Animals: From Pets to Pests – which one can see UV the best?
In 2014, London-based academics Ron Douglas and Glen Jeffery published the findings of their experiment into the visual UV sensitivity of mammals. They conducted experiments on the lenses of 38 different mammalian species, ranging from familiar animals such as sheep, cows, cats and dogs, to the more exotic okapis, red pandas and Arabian orynx.
Their findings concluded that UV sensitivity was widespread among mammals, and also helped solve a mystery that had baffled scientists for years.
Scientists had observed how many animals actively avoided going near power lines despite them not being impassible barriers. The results of of the 2014 experiment proved that most animals can actually see the random and terrifyingly intense flashes of corona discharges produced by power lines. Filmed using special UV cameras, this footage shows how the humming and crackles of electricity, actually appear as bright balls of flickering UV light. Electrical wires may be creating just as much, if not more, geographical disruption to wildlife movement than roads.
Data from the Douglas and Jeffery experiment concluded that the creature able to see furthest into the UV spectrum was the humble mouse. Mice have dichromatic vision, seeing in green and blues. Unlike humans they do not have a red photoreceptor but see the world in bluey-green hues as well as UV, which adds a violet glow to any object that reflects ultraviolet.
As a curious side note, over a decade ago mice were scientifically bred to have human trichromatic vision, in an experiment to determine how adaptable the mammalian brain is. The experiments successfully tweaked their genes to include the red photoreceptor. These super mice were proven to able to see the world the way humans do, although is not known how much this would have affected the mouses ability to see UV.
Since mice and other rodents can see the UV spectrum so well, it's no coincidence then that the urine of many rodent species strongly reflects ultraviolet light. Although scientists were aware of the importance of communicating through urine, it was initially considered to be scent marking. Now we know it's also a visual cue for helping these little creatures find their way. According to the National Geographic 'fresh [rodent] urine reflects more strongly than old'.... showing 'how fresh a path is, what came past, when and what sex the animal was.'
The down side is that birds of prey also have UV vision and have improved their hunting success by following these rodent urine trails – the brighter ones being more likely to provide a fresh meal.
What about our favourite domestic critters?
Finally, if you were wondering whether your beloved pet cat or dog has special UV vision powers, the research by Douglas and Jeffery put them squarely in the top 10 – check out the infographic below. Interestingly, the reindeer, who's famously impressive UV vision was mentioned in my post 'What Exactly Is UV Or 'Black' Light? And Why We Humans Are All Colour-blind....' ranked a mere 15th.

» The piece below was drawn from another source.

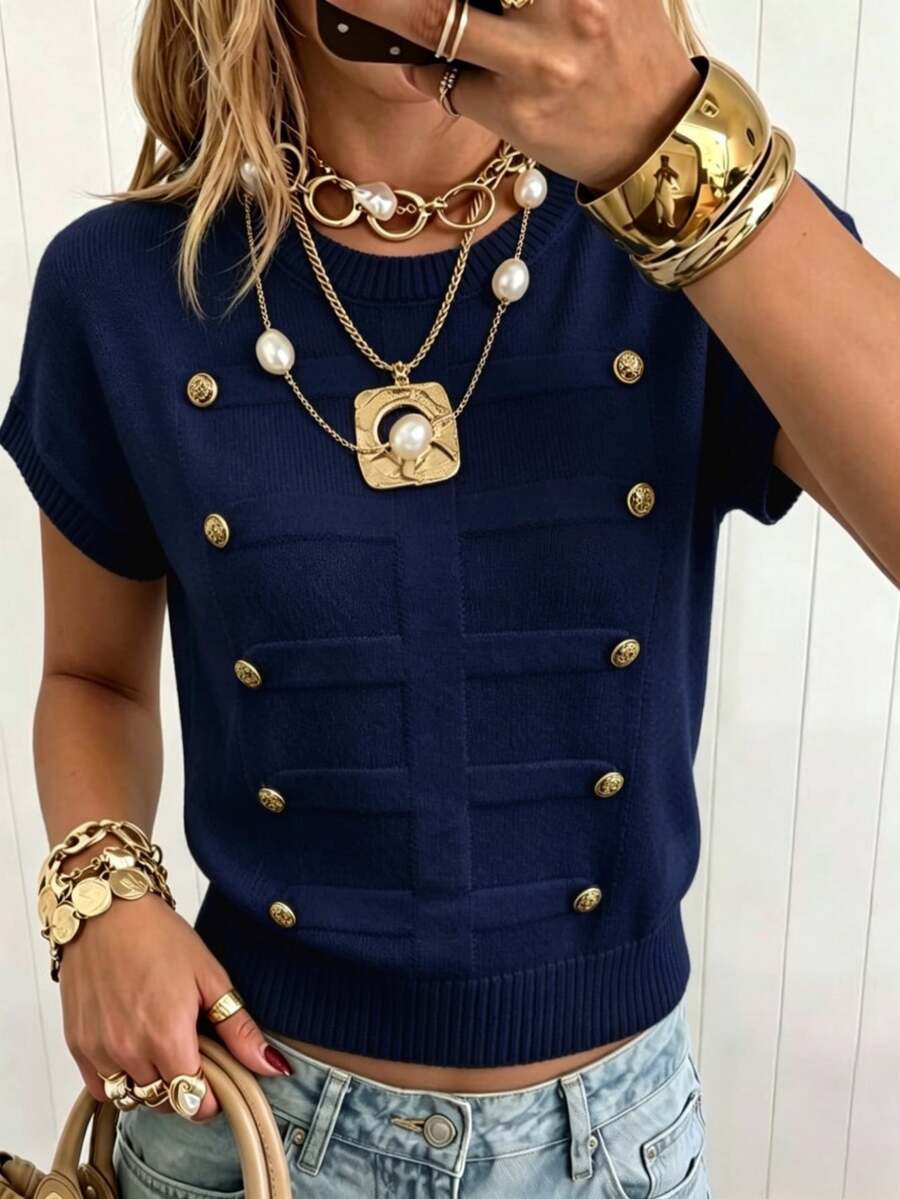 Modelyn 優雅金屬鈕扣設計純色圓領套頭毛衣,時尚百搭極簡寬鬆落肩短版針織衫 - 寶藍色 - 查看 1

Below is a round up of the 10 animals in the experiment most sensitive to UV. For more information on the other 28 species examined check out this article by Douglas and Jeffrey:
Why do animals see differently from humans?

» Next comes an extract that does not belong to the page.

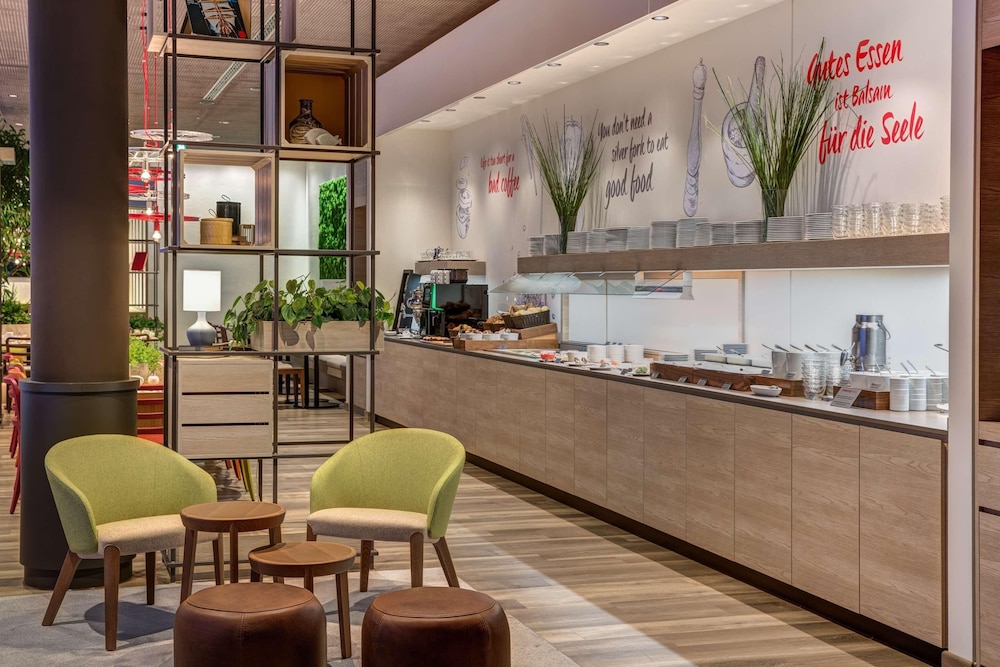 INTERCITYHOTEL DUISBURG 42/60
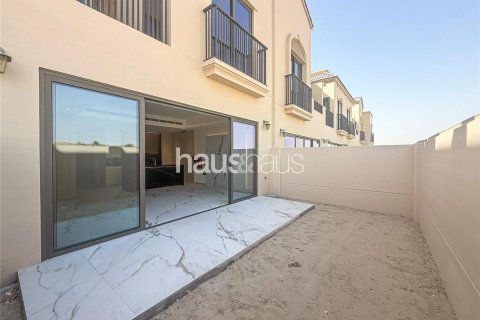 Townhouse in Jumeirah Golf Estates, Dubai, UAE 3 bedrooms, 204 sq.m. № 626499 - photo 4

Most animals’ vision is highly tuned to their environments and the times of day they are awake. In the case of reindeer, it helps them spot preditors such as wolves, that would otherwise be totally camouflaged when viewed only in visible light, especially during long, snowbound winter nights.
Why humans have lenses that block UV and many animals don't, remains a mystery. A correlation between high visual accuity and cornias that block UV has recently been identified. This helps us to answer the question why humans don't see into the UV spectrum rather than speculate on why most animals do.
Human colour vision evolved as we became more active during daylight hours (diurnal) and needed to distinguish colours better during the day. Our vision enabled us to spot the difference between unripe, potentially hard to digest fruits, and the ripe ones. This may also explain why some marsupials who mainly live on a diet of foliage and berries also share our trichromatic vision. Humans are more heavily reliant on sight than any other sense when compared to other animal species. Although many diurnal animals are dichromatic, they support their 'poorer' vision with other stronger senses, usually hearing and smell, as well as seeing in ultraviolet.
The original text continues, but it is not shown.